-- Your task --
Could you restate word for word every line from the one containing "This is the" to the end of the data below, pictures excluded?
___ Data to process ___
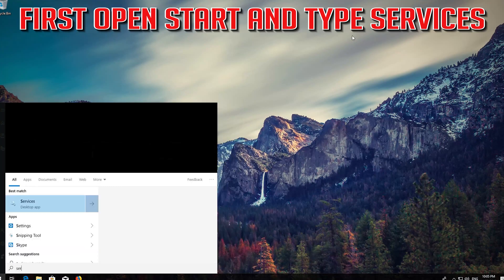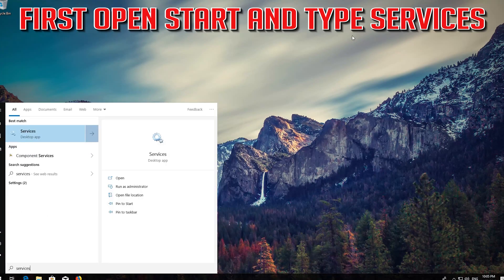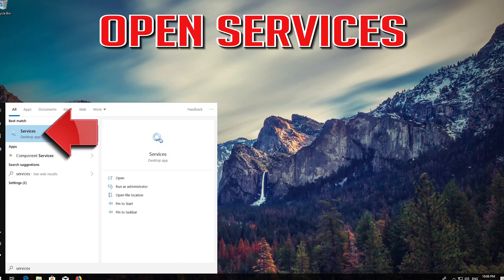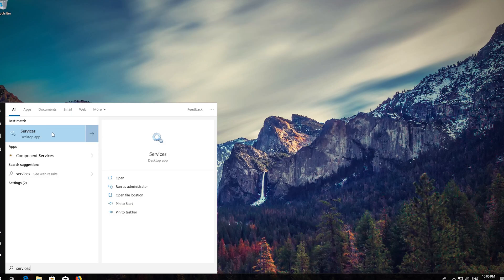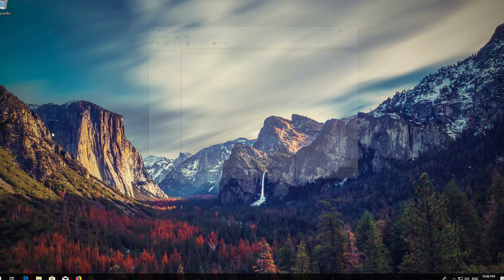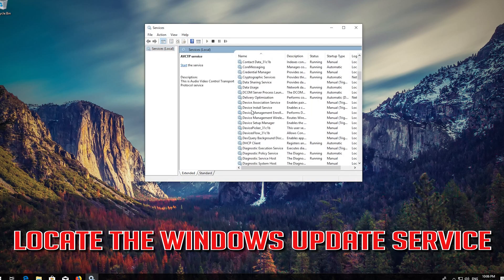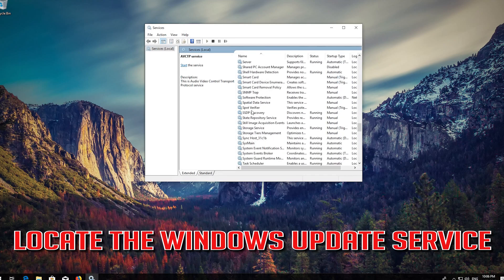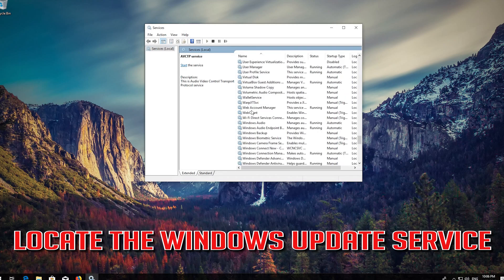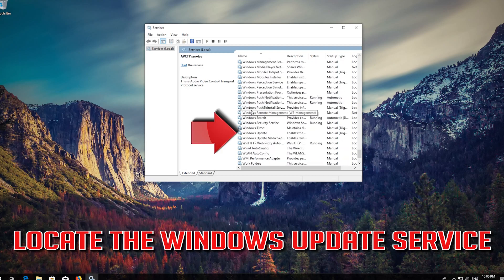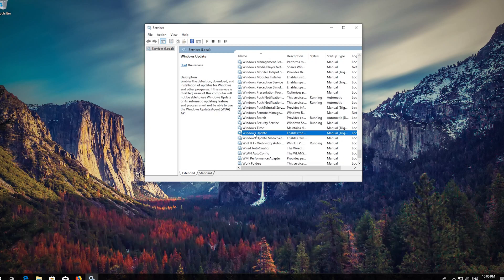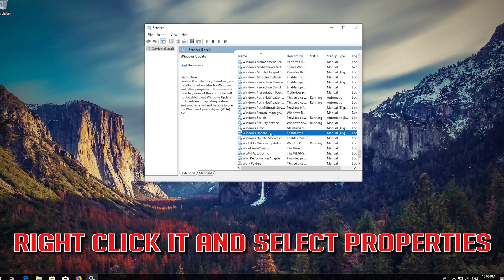First open Start and type Services. Open Services. Locate the Windows Update service, then right click it and select Properties.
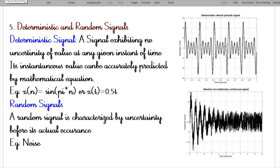So today we discussed about signals and their classifications. I hope all of you understood this topic clearly. We will see you in the next section. Thank you.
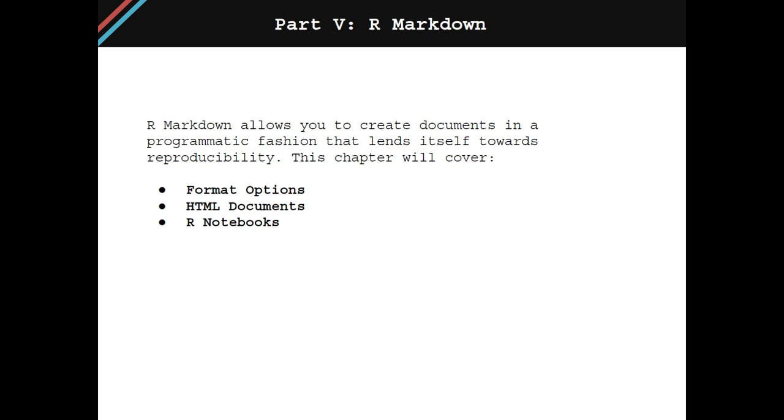R Markdown allows you to create documents in a programmatic fashion that lends itself towards reproducibility. This chapter will go through the various format options available with R Markdown, then an example of an HTML document, and finally how to create and use an R notebook.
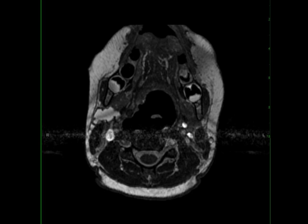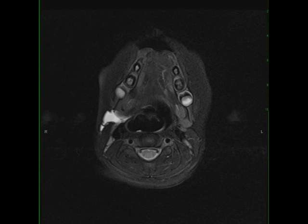This is a 21-year-old male with recurrent swelling and pain at the right mandibular angle. The images demonstrate a circumscribed T2 and proton density hyperintense lesion arising at the posterior margin of the mandibular ramus and extending posterior to the submandibular gland.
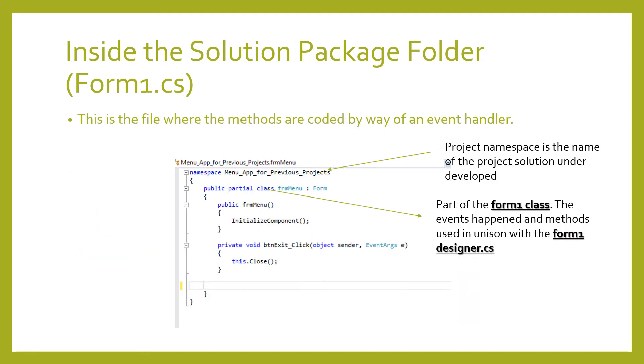This is the file where the methods of the event is coded or the event procedure, the Form1.cs.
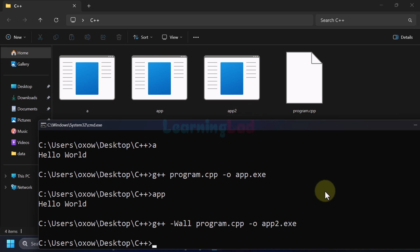So that's it — this is how we compile and run a C++ program from the command prompt in a Windows computer. If you like the video hit the like button, if you don't hit the dislike button, and if you have anything to say write it in the comment box. For more tutorials, subscribe to the channel.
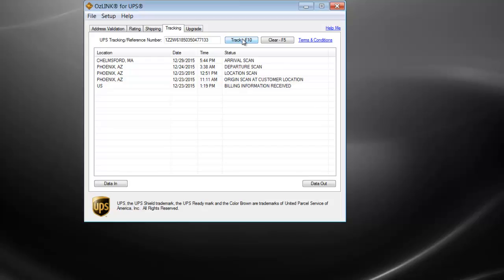If needed, users can upgrade to the AusLink Plus version to retrieve additional tracking information such as reference numbers, scheduled delivery dates, package weight, proof of delivery signatures, and much more.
___
-- Solution to this problem --
This is the file where the methods of the event is coded or the event procedure, the Form1.cs.
So that's it — this is how we compile and run a C++ program from the command prompt in a Windows computer. If you like the video hit the like button, if you don't hit the dislike button, and if you have anything to say write it in the comment box. For more tutorials, subscribe to the channel.
If needed, users can upgrade to the AusLink Plus version to retrieve additional tracking information such as reference numbers, scheduled delivery dates, package weight, proof of delivery signatures, and much more.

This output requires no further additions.